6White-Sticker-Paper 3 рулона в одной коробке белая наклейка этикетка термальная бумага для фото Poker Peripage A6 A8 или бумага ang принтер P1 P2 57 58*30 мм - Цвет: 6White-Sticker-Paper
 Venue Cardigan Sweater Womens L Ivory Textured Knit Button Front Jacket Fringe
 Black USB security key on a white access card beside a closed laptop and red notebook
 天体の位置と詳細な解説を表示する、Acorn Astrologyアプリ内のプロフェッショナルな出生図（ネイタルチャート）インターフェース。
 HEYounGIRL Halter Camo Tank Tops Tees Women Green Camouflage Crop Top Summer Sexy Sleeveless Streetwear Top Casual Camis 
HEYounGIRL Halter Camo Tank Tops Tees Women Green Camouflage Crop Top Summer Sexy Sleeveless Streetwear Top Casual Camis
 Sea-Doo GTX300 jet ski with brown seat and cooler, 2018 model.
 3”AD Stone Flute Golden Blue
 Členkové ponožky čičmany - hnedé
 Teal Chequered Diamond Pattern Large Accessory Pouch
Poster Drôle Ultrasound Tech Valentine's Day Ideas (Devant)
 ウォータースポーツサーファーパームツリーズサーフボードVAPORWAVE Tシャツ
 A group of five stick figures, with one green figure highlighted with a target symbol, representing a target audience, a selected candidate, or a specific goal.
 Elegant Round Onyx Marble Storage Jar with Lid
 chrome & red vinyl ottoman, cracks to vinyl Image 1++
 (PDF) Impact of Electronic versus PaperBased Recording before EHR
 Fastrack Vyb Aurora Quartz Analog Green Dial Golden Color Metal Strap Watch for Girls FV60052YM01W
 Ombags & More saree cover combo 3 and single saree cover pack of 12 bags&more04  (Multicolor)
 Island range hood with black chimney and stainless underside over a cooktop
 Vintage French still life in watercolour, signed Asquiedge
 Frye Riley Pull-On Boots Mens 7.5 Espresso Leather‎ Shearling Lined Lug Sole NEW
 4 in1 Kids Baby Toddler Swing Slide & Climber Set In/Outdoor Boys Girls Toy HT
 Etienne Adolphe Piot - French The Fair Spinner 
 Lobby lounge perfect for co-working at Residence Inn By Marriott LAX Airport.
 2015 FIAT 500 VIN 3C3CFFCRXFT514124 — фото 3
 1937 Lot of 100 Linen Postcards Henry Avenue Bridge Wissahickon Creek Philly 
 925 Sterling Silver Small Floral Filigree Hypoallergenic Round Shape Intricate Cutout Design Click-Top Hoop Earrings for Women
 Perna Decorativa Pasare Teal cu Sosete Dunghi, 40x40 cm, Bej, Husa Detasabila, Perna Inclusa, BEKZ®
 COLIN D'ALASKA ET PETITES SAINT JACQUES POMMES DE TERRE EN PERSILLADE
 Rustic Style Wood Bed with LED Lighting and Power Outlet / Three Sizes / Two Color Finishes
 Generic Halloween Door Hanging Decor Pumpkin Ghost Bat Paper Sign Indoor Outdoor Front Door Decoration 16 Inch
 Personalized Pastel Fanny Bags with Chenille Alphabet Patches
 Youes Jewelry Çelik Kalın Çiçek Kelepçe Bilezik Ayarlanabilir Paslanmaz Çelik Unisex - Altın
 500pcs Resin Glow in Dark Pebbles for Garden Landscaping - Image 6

## Exercise details
Look through the records and gather each line with the word "Camouflage".

## Output of the exercise
 HEYounGIRL Halter Camo Tank Tops Tees Women Green Camouflage Crop Top Summer Sexy Sleeveless Streetwear Top Casual Camis 
HEYounGIRL Halter Camo Tank Tops Tees Women Green Camouflage Crop Top Summer Sexy Sleeveless Streetwear Top Casual Camis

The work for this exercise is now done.